Encontraram o forte evidência que uma mais baixa temperatura e uma densidade populacional mais alta são ambo o associadas com transmissão SARS-CoV-2 mais alta.

Conduza o Dr. Pearse do pesquisador, do departamento das ciências da vida em imperial, disse-o: “Quando a temperatura e a densidade populacional influenciarem a transmissão SARS-CoV-2, nossos resultados reconfirmam que os motoristas os mais importantes são política de interesse público e comportamento individual. Por exemplo, durante lockdowns, não havia nenhuma assinatura significativa da temperatura que influencia a transmissão.

“Este meios, por exemplo, que umas regiões mais mornas não devem esperar facilitar limitações da mobilidade antes de umas regiões mais frias. Isto é especialmente verdadeiro porque umas regiões mais mornas tendem a ter umas densidades populacionais mais altas - por exemplo, a população em Florida é embalada mais densa do que em Minnesota.”

Os pesquisadores estão estendendo agora seu estudo às variações novas, e dizem-no que seus resultados ambientais devem ser incorporados nos prognósticos para aumentar previsões da propagação da doença.

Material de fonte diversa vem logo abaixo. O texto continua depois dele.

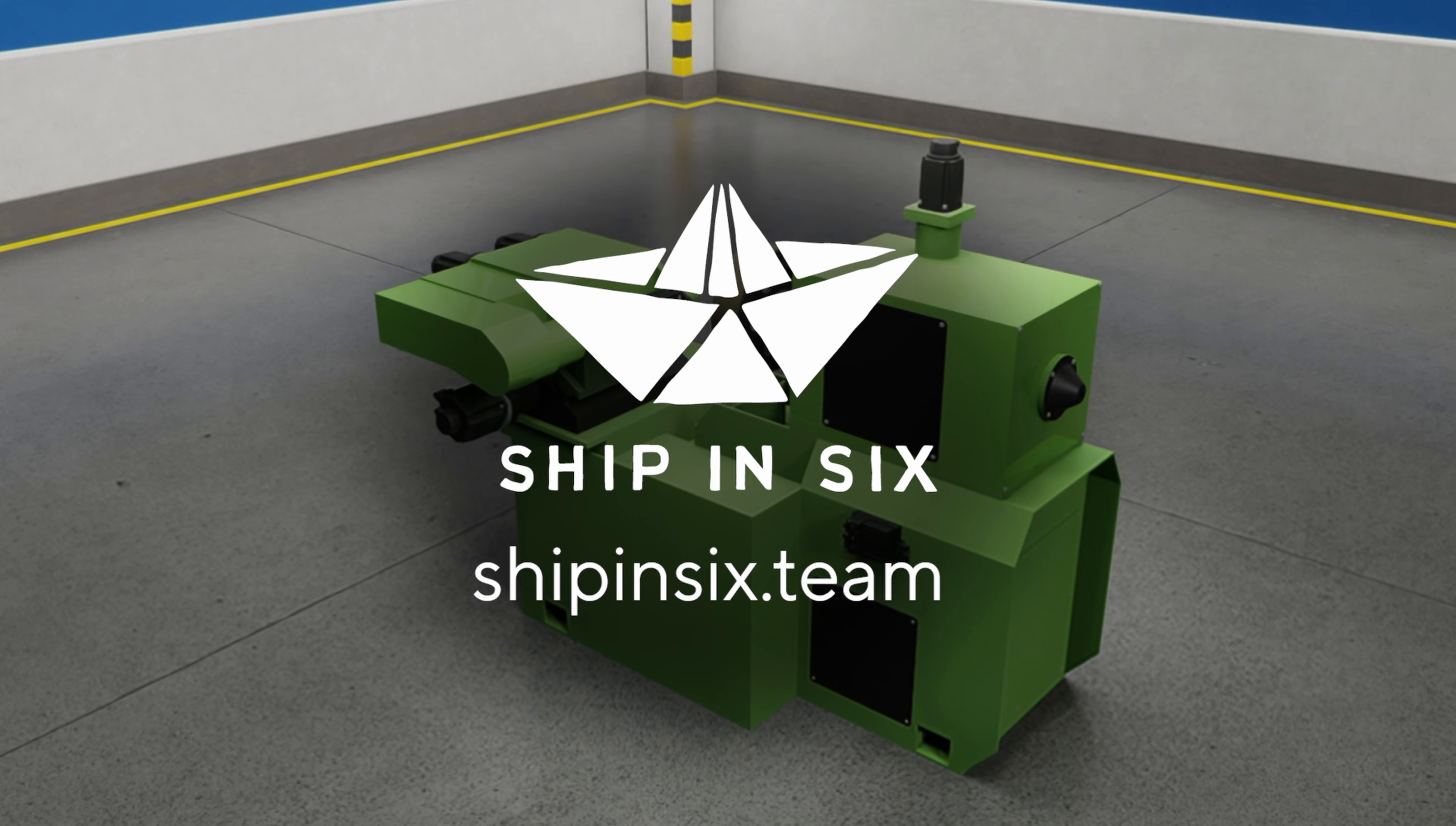Hi there! This video is sponsored by Shippin6, a like-minded crew of PLC software engineers who are bringing modern practices to automation. More on that later.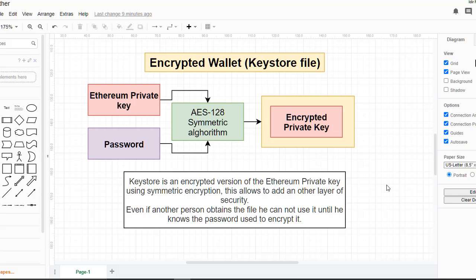We can share the address with other people so we can receive money. Now, what is an encrypted wallet? An encrypted wallet encrypts the private key using a password. We take the plaintext generated private key, add a password, then pass it through a symmetric algorithm — in this case the AES-128 symmetric algorithm — so at the end we get an encrypted private key. Even if a person obtains this encrypted private key, they need the password to use it and sign transactions, adding another layer of security. This encrypted wallet is called a keystore file.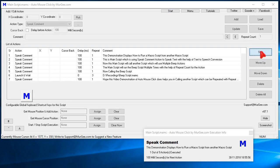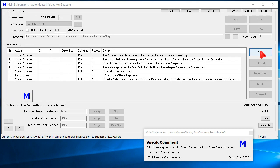This demonstration displays how to run a macro script from another macro script. This is the main script which is using speak comment action to speak text with the help of text to speech conversion.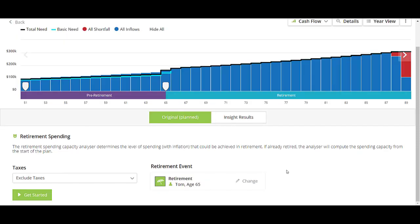The retirement spending insight is designed to show clients the maximum they could spend once in retirement to avoid shortfall and spend down their available liquid assets to near zero by the end of the plan. This is exclusive of any illiquid assets in the plan, for example properties, or any accounts that you have set withdrawal limits or ring-fenced — those withdrawal limits will continue to be honored in this simulation.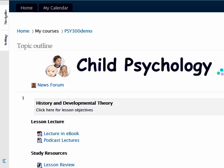In Moodle, there are two main types of forums. The first is a news forum, where your instructor may post important messages or updates to the entire class at a time. You will not be able to reply to news forum posts — they are there for your information only.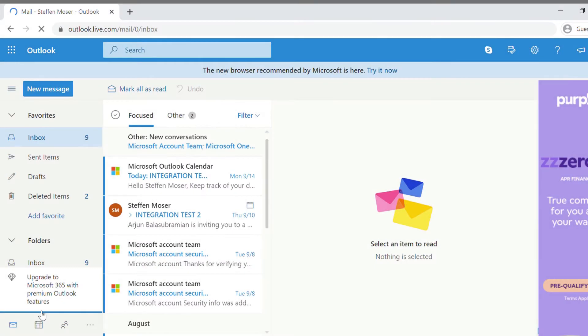Easily schedule 8x8 work meetings in Office 365 and Outlook seamlessly, whether you're on the browser version or the desktop app.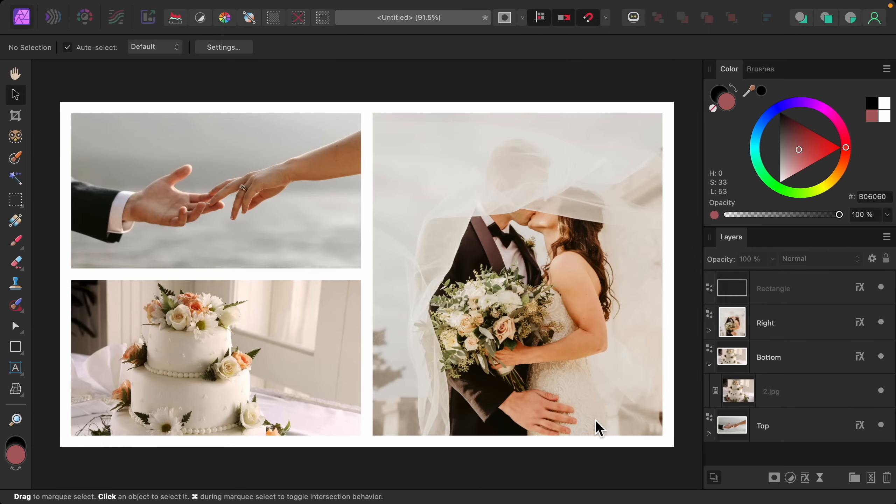With that, now you know how to make a photo collage in Affinity Photo. Thanks for watching, and I'll see you in the next Affinity Revolution tutorial.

Estude o Dr. Ilaria Dorigatti do co-autor, do centro de MRC para a análise global da doença infecciosa em imperial, disse-o: “Nós encontramos a evidência que, nas fases adiantadas da pandemia, os lugares com temperaturas mais frias foram associados com as intensidades mais altas da transmissão SARS-CoV-2. Contudo, o efeito da sazonalidade climática na transmissão SARS-CoV-2 é mais fraco do que o efeito da densidade populacional e por sua vez, de intervenções da política.

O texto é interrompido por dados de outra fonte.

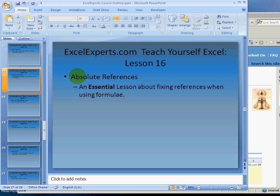Hello, welcome to ExcelExperts.com, the Teach Yourself Excel section, lesson number 16. This is on absolute references. This is the most important lesson that you're ever going to learn about formulas, and it's about how to fix a reference when using a formula.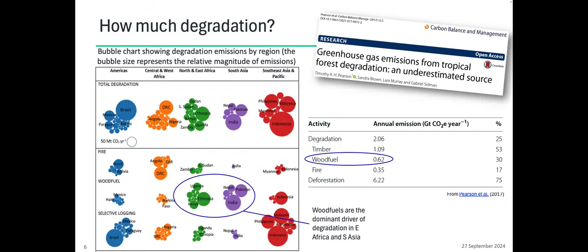If we aggregate this across all instances in the Global South, we can try to quantify the impact. Research from another group quantified all forest degradation throughout the tropics. They count wood-fuel-driven degradation at about 620 million tons of CO2 equivalent per year, and attribute about 30% of overall degradation to wood-fuel harvesting. It's heterogeneous across regions — in Latin America, the wood-fuel contribution is quite small, but in East Africa, Northeast Africa, and South Asia, the majority of degradation is driven by this factor.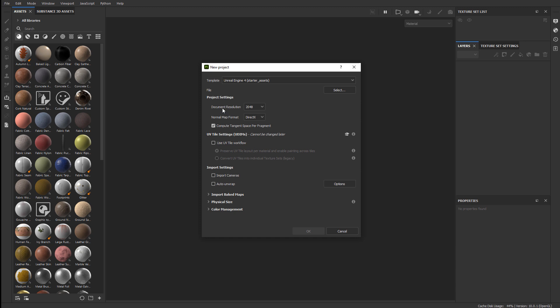The one thing you may want to change is the document resolution. This is the resolution that will be used inside Substance Painter to display your textures. In my case a 2K texture is a good size. You can bump it down or up depending on the document resolution you want to see in Painter. This can always be changed after you've set this up, and it does not reflect the final resolution that you will export your meshes — this is only what you see inside Painter.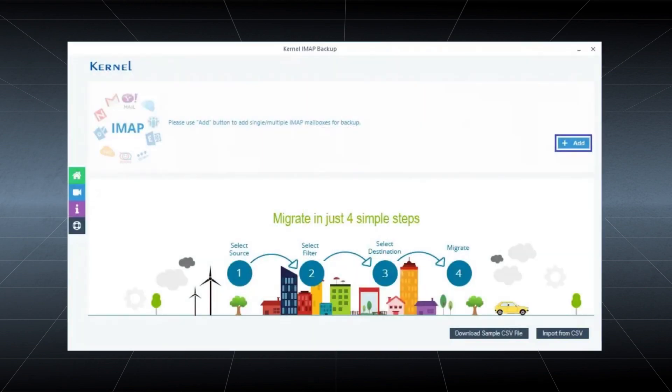You can add your Gmail account to the tool and backup its emails to Outlook PST and other formats in a few simple steps. You can also filter Gmail data to perform selective backups.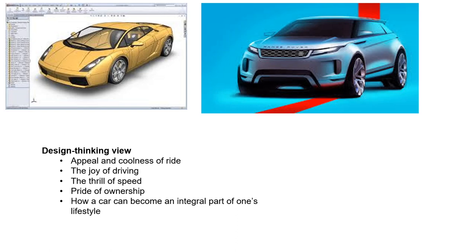For the design thinking paradigm, we consider the emotional aspects of the user, like the joy of driving and pride of ownership.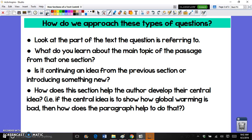Finally, you want to think about how this particular section — this line or paragraph — helps the author develop their central idea. You have to know what the central idea of the text is. For example, if we're reading an article about global warming and the central idea is that global warming is bad, then how does that paragraph help show or communicate the overall idea that global warming is bad?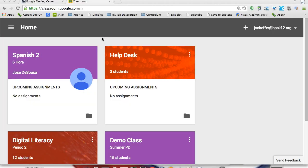Hey everyone, I'm Jen Scheffer, Instructional Technology Specialist from Burlington High School in Burlington, Massachusetts. Today I'm going to show you how to get started with Google Classroom, as more and more teachers are gaining access to this new Google Apps for Education product.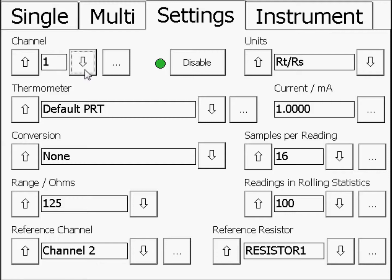16 samples per reading. 100 readings in rolling statistics. And Reference resistor: the resistor you are using.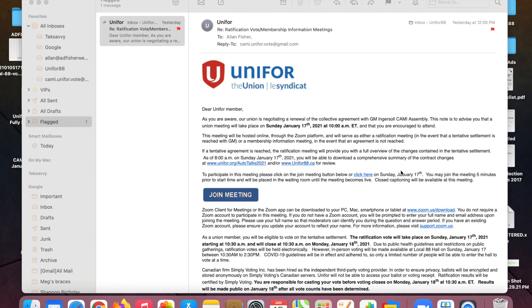When you get your email, if you don't have Zoom downloaded on any device, download it please.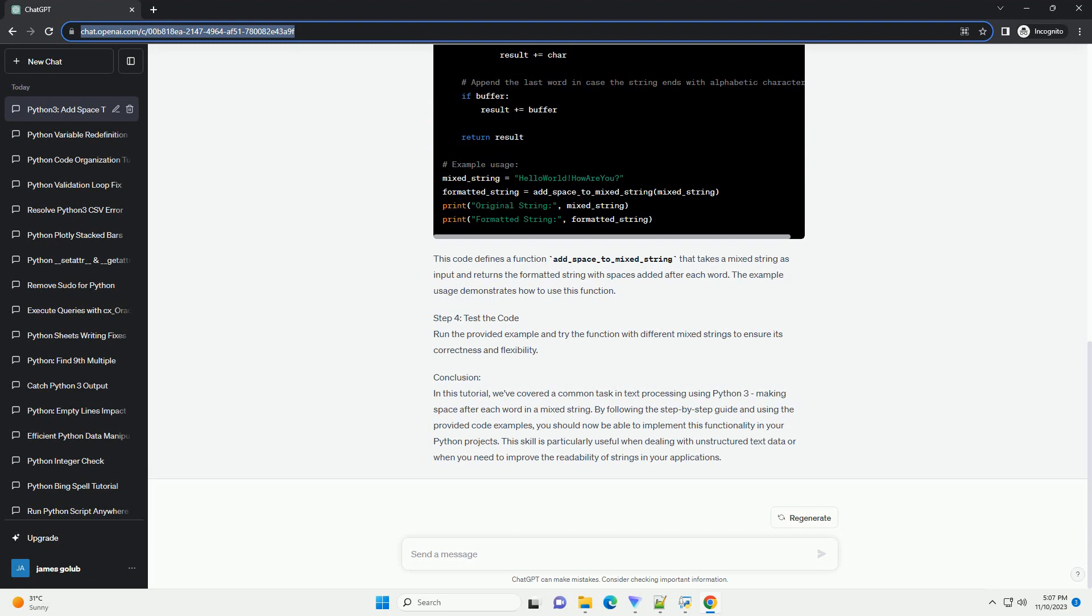Step 2: Plan the Solution. To solve this problem, we can iterate through each character in the string and check if it is alphabetic. If it is, we consider it part of a word, otherwise it is a non-alphabetic character and we leave it unchanged. For each alphabetic character, we add it to a buffer until we encounter a non-alphabetic character, at which point we append a space and clear the buffer.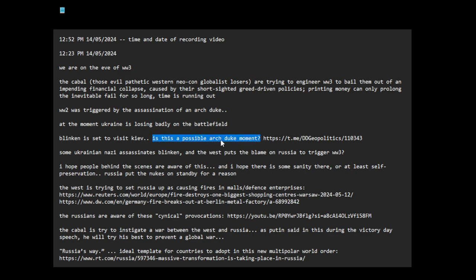Is this a possible Archduke Ferdinand moment? Some Ukrainian Nazi assassinates Blinken and the West puts the blame on Russia to trigger WW3. I hope people behind the scenes are aware of this and I hope there is some sanity here or at least self-preservation. Russia put the nukes on standby for a reason.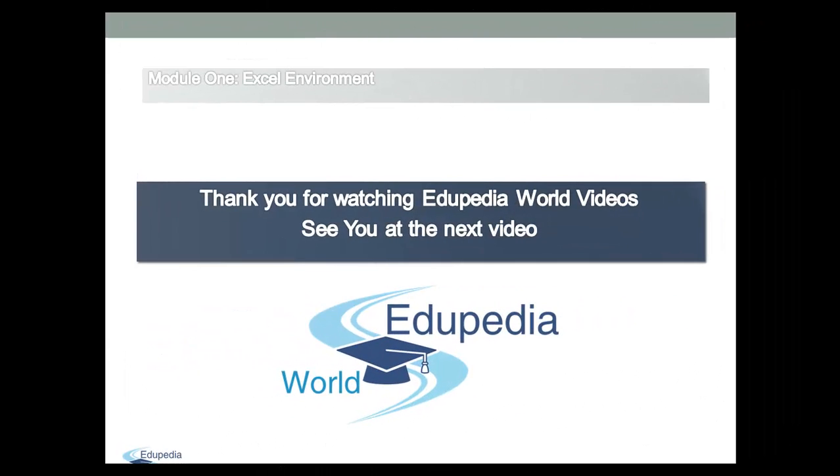Thank you for watching Edupedia World videos. See you at the next video.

“Isto implica que, como nós nos movemos para o verão no hemisfério Norte, as decisões públicas da política sanitária permanecem da importância crítica para o controle epidémico e a aderência às recomendações continuará a jogar um papel chave contra a transmissão SARS-CoV-2.”

Source:
Journal reference:

Smith, T.P., et al. (2021) Temperature and population density influence SARS-CoV-2 transmission in the absence of nonpharmaceutical interventions. PNAS. doi.org/10.1073/pnas.2019284118.